The 2018 Council of Europe Museum Prize was awarded to the War Childhood Museum in Sarajevo. The Culture Committee of the Parliamentary Assembly of the Council of Europe, PACE, decided on the prize winner at a meeting in Budapest.
“The museum, which is deliberately apolitical, aims to fill in an existing gap in documenting war experiences from the child’s perspective and therefore expands its research and collection across Bosnia and Herzegovina, among diaspora living abroad and also globally, in cooperation with associations in Lebanon, Syria and Turkey. The judging panel praised the museum’s ‘real potential to serve as a powerful self-sustained model of civic initiative’ and said it offered an example that could be replicated in other major conflict and post-conflict zones in the world,” said PACE.
According to the rapporteur on the museum prize, Adele Gambaro, the War Childhood Museum is a truly inspiring example of a grassroots initiative led by a charismatic young person, Jasminko Halilovic, who was himself a child during the four-year war siege of Sarajevo. As part of his own “healing process”, he launched a short questionnaire on the internet in 2010 and collected over 1,000 replies, which were initially edited in a book and later presented in the Museum.

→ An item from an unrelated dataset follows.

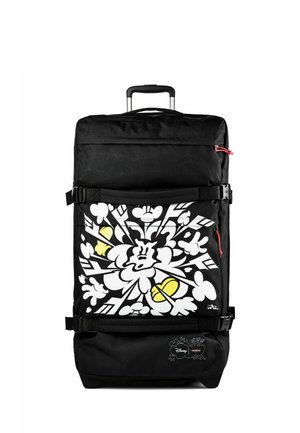 Maleta negra con ruedas y asa extensible, con un diseño abstracto de dibujos animados en blanco y amarillo y los logotipos de Disney y Eastpak.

“Through powerful personal stories and objects associated with each story, this museum advocates peace, reconciliation and the value of cultural diversity.”
The Council of Europe Museum Prize has been awarded annually since 1977 to a museum judged to have made a significant contribution to the understanding of European cultural heritage. The winning museum is presented with a bronze statuette, “La femme aux beaux seins” by Joan Miró, which the museum keeps for a year.